You need to get photocopies of Your Certificates and grade sheets and get them attested by either the councellor or examination director and get them in a sealed envelope and you also need to include the Payment receipts in another envelope along with the sealed envelope.


----------



## yashwanth.258 (Jun 5, 2014)

Do you know exact documents need to be sent for evaluation in case of JNTU ?


----------



## harishpatarla (Sep 23, 2013)

yashwanth.258 said:


> Do you know exact documents need to be sent for evaluation in case of JNTU ?

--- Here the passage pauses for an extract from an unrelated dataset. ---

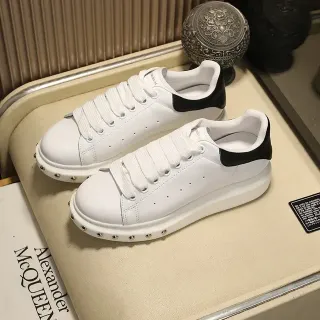 Alexander McQueen Oversized Sneaker White Black Platform Sole Studded Toe Cap Lifestyle Sneakers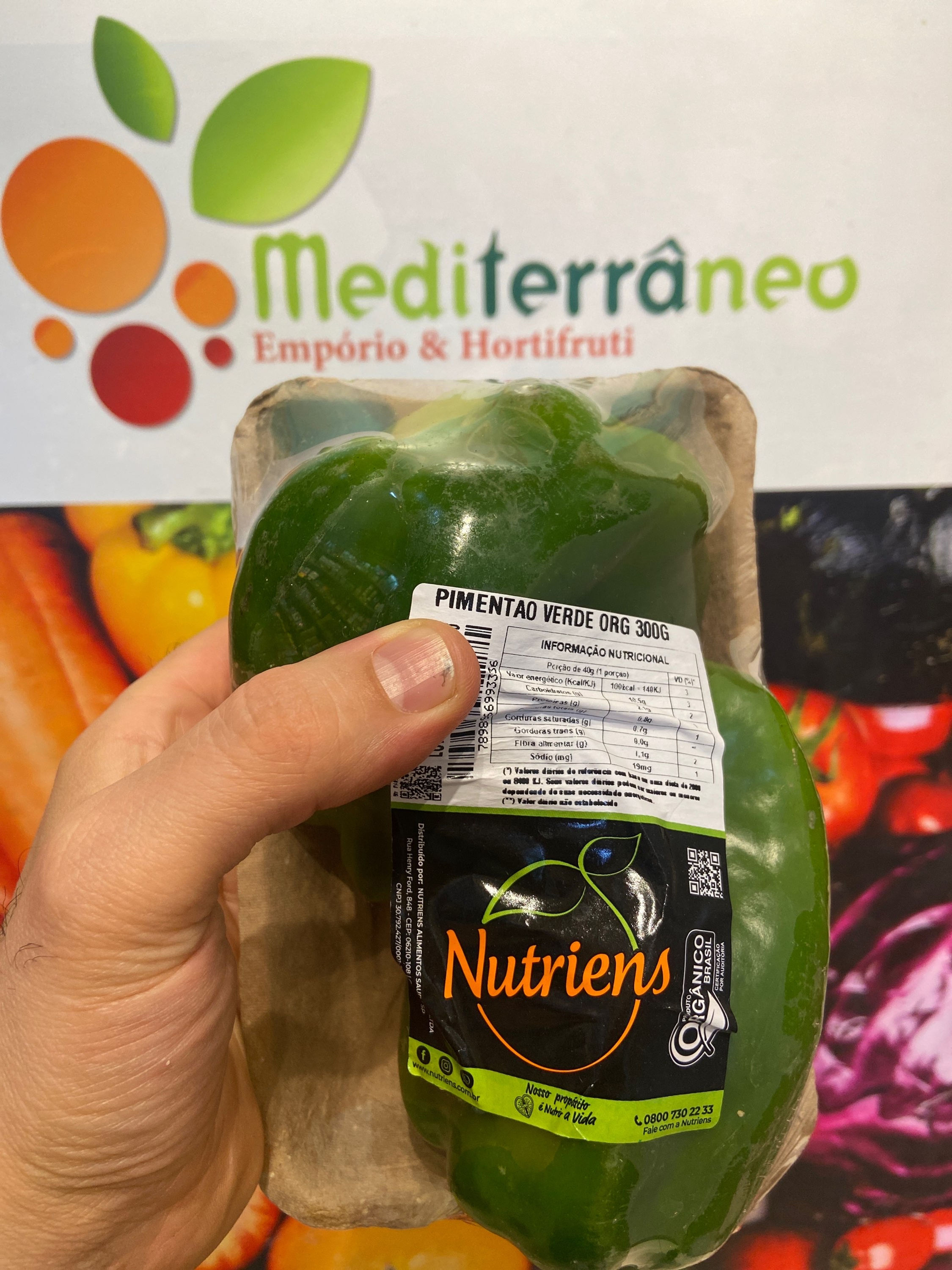 Pimentão verde organico 300g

Its the same for every uni. All your gradesheets of 4 years and pass certificate


----------



## yashwanth.258 (Jun 5, 2014)

Pass certificate means provisional right ?


----------



## yashwanth.258 (Jun 5, 2014)

And do I need to send 10 + 2 certificate ?


----------



## jsdhalle (Jul 31, 2014)

@ Yashwant.... Copy with @Harish......You need to simply apply for transcripts from JNTU. The University always will give transcripts in a sealed envelope. While applying for Transcripts, you'll have to mention whether to whom it will be submitted. There is a form given by wes also for the same purpose (See attachment). All Universities have different forms for this purpose. Check yours. Mail all items together to WES.

Regards.


----------



## yashwanth.258 (Jun 5, 2014)

Thanks guys for your support !!!!


----------



## xxxxxxxxxxxxxsssagi (May 21, 2013)

yashwanth.258 said:


> And do I need to send 10 + 2 certificate ?


No need to send 12th. It seems you haven't gone through WES documents requirement link. Please go through for country of education India and also read the FAQs.

World Education Services - Required Documents

Let us know for any further questions.


----------